With the collaboration of local creative communities, educational programs, and at times world-famous guest artists, the Veszprém-Balaton 2023 European Capital of Culture event’s flagship regional arts program, the Kultháló, takes place at eleven locations, referred to as ‘bases’. The aim of the program is to make the Bakony-Balaton region visible to the general public and the local population as a hidden home front and second home of contemporary art.
At the invitation of the Veszprém-Balaton 2023 European Capital of Culture, eleven artistic communities in the villages of the Bakony-Balaton region have joined the Kultháló program. In these more remote villages of the region, they sought the cooperation of places and artists who invite us into the delicate worlds of contemporary art and show us the unifying power of art from an unusual proximity.
What is special about the Kultháló program is that it offers not only artistic events, but also ways to them, opportunities for training, shared learning and initiation, closely and personally connected to the concerts, exhibitions, theater performances, and, not least, to the artists who create them.

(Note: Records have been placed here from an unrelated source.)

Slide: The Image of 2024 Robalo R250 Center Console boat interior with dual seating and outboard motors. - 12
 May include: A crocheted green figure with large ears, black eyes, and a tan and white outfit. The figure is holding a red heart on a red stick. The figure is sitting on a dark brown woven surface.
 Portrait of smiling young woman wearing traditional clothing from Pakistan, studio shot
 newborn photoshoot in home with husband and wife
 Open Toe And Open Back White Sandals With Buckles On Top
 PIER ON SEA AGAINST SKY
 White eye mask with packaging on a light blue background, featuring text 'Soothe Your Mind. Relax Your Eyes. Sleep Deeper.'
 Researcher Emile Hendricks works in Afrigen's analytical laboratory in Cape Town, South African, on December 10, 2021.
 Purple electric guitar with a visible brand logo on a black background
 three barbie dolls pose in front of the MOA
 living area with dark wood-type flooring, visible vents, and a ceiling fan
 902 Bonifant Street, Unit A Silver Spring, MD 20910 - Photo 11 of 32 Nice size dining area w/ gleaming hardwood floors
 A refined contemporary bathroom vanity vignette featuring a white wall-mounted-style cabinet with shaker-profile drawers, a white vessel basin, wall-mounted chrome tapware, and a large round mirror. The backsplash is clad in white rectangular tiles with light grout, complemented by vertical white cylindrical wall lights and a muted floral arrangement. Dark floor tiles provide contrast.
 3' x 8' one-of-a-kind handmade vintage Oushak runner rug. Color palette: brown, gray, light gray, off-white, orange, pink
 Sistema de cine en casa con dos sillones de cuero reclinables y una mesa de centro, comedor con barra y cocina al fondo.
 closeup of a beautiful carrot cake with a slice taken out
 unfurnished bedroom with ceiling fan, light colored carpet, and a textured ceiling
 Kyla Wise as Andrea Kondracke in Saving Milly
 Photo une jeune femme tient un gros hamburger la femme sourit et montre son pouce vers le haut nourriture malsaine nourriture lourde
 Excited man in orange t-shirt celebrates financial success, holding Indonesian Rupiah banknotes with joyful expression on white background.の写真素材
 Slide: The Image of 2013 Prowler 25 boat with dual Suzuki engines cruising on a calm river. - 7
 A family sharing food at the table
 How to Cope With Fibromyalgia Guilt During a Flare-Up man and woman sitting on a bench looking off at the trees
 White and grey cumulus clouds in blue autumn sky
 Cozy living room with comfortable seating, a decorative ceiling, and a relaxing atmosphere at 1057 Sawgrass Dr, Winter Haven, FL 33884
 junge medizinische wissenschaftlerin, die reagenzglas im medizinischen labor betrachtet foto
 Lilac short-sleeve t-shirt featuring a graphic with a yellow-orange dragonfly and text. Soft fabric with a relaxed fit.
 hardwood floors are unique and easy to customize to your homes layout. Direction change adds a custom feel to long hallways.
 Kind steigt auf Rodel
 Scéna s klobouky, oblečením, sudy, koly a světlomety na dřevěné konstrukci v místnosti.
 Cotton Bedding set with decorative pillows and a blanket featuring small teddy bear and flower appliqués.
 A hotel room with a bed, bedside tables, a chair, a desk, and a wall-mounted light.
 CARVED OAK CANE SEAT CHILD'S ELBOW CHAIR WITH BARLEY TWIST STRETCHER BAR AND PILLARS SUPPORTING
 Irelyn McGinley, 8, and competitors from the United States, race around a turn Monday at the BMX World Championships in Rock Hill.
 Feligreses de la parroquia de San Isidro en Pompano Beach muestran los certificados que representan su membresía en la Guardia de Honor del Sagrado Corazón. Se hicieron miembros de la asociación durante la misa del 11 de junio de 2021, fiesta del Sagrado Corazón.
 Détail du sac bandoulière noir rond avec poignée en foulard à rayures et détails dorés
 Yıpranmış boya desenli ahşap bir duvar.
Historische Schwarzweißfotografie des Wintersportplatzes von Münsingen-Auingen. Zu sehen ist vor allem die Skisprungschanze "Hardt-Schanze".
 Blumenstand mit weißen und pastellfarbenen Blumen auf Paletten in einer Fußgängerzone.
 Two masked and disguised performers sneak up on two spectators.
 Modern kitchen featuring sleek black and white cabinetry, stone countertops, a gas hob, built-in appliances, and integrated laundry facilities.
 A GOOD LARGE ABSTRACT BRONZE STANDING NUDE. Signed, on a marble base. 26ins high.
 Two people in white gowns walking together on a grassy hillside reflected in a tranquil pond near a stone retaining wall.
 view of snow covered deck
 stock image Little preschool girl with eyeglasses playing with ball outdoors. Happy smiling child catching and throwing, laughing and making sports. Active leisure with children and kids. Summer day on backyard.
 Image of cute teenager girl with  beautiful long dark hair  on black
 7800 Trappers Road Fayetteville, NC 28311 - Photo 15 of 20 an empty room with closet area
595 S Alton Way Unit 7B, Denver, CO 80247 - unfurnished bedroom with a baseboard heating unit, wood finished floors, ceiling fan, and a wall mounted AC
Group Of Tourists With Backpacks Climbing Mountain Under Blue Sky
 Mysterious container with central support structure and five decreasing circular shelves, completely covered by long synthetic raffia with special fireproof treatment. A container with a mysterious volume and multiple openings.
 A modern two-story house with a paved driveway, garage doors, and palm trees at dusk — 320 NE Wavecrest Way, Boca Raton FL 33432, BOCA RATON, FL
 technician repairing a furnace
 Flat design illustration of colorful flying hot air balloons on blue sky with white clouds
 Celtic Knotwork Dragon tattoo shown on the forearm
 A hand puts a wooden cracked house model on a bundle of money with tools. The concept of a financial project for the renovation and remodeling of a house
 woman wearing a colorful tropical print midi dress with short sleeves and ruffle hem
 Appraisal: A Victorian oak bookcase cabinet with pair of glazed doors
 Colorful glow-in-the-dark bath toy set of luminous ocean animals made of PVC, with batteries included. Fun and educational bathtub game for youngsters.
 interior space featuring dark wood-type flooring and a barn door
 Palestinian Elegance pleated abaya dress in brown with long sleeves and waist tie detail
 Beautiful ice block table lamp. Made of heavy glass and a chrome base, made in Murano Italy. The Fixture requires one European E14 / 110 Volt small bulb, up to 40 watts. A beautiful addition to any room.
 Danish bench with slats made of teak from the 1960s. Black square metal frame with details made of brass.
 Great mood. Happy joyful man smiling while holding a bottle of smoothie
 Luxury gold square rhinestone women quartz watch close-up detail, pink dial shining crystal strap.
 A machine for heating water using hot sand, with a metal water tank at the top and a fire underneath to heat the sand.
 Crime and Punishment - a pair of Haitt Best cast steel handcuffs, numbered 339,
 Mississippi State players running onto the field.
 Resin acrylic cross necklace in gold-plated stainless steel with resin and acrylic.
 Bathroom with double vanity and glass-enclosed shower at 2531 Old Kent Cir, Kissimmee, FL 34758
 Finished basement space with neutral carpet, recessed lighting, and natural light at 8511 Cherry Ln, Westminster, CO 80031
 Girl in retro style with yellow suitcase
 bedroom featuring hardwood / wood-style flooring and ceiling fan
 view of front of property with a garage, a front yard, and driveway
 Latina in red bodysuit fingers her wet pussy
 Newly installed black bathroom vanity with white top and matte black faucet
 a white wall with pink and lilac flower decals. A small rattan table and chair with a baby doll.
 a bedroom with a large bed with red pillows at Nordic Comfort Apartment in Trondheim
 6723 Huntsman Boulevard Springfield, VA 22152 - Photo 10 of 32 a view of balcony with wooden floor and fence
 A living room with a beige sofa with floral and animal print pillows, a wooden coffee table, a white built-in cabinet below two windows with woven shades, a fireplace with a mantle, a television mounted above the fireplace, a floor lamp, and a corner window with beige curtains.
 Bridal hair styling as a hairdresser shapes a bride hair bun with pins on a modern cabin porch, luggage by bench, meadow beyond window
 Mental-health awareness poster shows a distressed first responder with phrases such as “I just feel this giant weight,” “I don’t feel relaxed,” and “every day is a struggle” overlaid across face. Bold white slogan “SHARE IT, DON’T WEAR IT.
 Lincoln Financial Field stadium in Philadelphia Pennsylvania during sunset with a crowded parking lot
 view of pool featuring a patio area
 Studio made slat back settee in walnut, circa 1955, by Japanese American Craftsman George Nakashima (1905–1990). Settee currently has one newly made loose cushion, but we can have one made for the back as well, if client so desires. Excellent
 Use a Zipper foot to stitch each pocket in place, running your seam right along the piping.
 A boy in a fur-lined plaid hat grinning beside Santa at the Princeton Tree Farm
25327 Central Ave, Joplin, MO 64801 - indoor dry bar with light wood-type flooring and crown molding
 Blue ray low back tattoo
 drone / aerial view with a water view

The connection is not only more intense than usual between the audience and the artist, but also between the local artists and the guest artist in the first place: getting to know each other’s artistic (and non-artistic) worlds, spending time and working together are encounters that contribute to the development of creative communities in the medium term.
In most cases, the bases realize multidisciplinary artistic processes and events, but there is always a specific genre or activity that triggers a joint reflection between the host and the invited, based on local specificities and involvements. As a result, the bases of the 2023 Kultháló program are best explored along four themes.
Classical Music Sanctuaries
Bakonybél and Gyulakeszi open up a realm of Hungarian musical culture that is seemingly reserved for the few and is typically accessible in the famous institutions of big cities. In August, the world-famous Munich Bach Chamber Choir will be the guest of the Szent Mauríciusz Choir in Bakonybél; at the Csigó Mill, guests can enjoy master classes with Ingrid Kertesi and Éva Csermák, explore the boundaries between music and architecture with Gábor Zoboki, and discover the frontiers of music and brain research with Tamás Freund. Joint listening sessions, lectures, and introductory courses will also prepare us to embrace music.
Theater: local, rural, on the road, and in the making
In Pécsely, Magyarpolány, and Hegyesd this is what the theater projects of Kultháló will be about: The exploration of the life and works of a Pécsely district doctor who wrote under the pseudonym of György Bodosi, led by the Forte Company; the traveling theater of Emőke Kiss-Végh and Tamás Ördög, based on their summer experiences in Hegyesd; and the lightning theater in Magyarpolány, led by Kitty Kéri and Bence Móczár. The performances draw their inspiration from the local collective memory and attract everything and everyone that is not theater.
Fine arts, up close
From night school to open university, from underground photography to digital culture, from action painting to collaborative sculpture, through a wide range of educational programs, the bases are committed to the cause of cultural education. The Éden Porta in Vöröstó is home to the artists’ colony and the associated open university of Imre Bukta and his friends; in Hegyesd, the artists surrounding Attila Ménesi develop models of participatory culture; the Babel Camp in Boglár follows the contemporary trail of the neo-avant-garde heritage; in Magyarpolány, an artists’ colony gathers around metal sculpture; in the Bánya of Salföld, Miklós Déri’s special photography project and Béla Raffay’s sculpture courses open up to us; in Gyulakeszi, the northern Italian Villa Biener Arte Contemporanea is the guest of Gábor Áron’s Open Studio Series. Visual art at the Kultháló bases is the art of seeing and learning, where you can meet contemporary forms and artists in a personal intimacy and with unusual intensity.
Modern Music Provinces
In Mindszentkálla, Zánka, Badacsonytördemic and Salföld, modern music initiation programs with artists from the fringe and underground genres teach self-expression and invite you into more subtle musical worlds. In the Káli-kapocs, blues concerts and workshops, an acoustic ethnographic village and the Neon Museum; in Zánka’s Kisbirtok, street art and improvisational music meet the stories of the villagers; Zoli Beck and the Zajzajzaj collective engage students from the local art school on the terrace of the Skizó in Tördemic; in Bánya, János Vázsonyi’s jazz series features superstar Erik Truffaz.
At the 11 Kultháló bases, artist friends, actors and painters, musicians and collectors, locals and masters will come together to offer an adventurous journey from charcoal drawings to classical music, from the creative industry to jazz, from poetry to the underground, offering the opportunity to connect, to wonder and to experience something different: for anyone and everyone.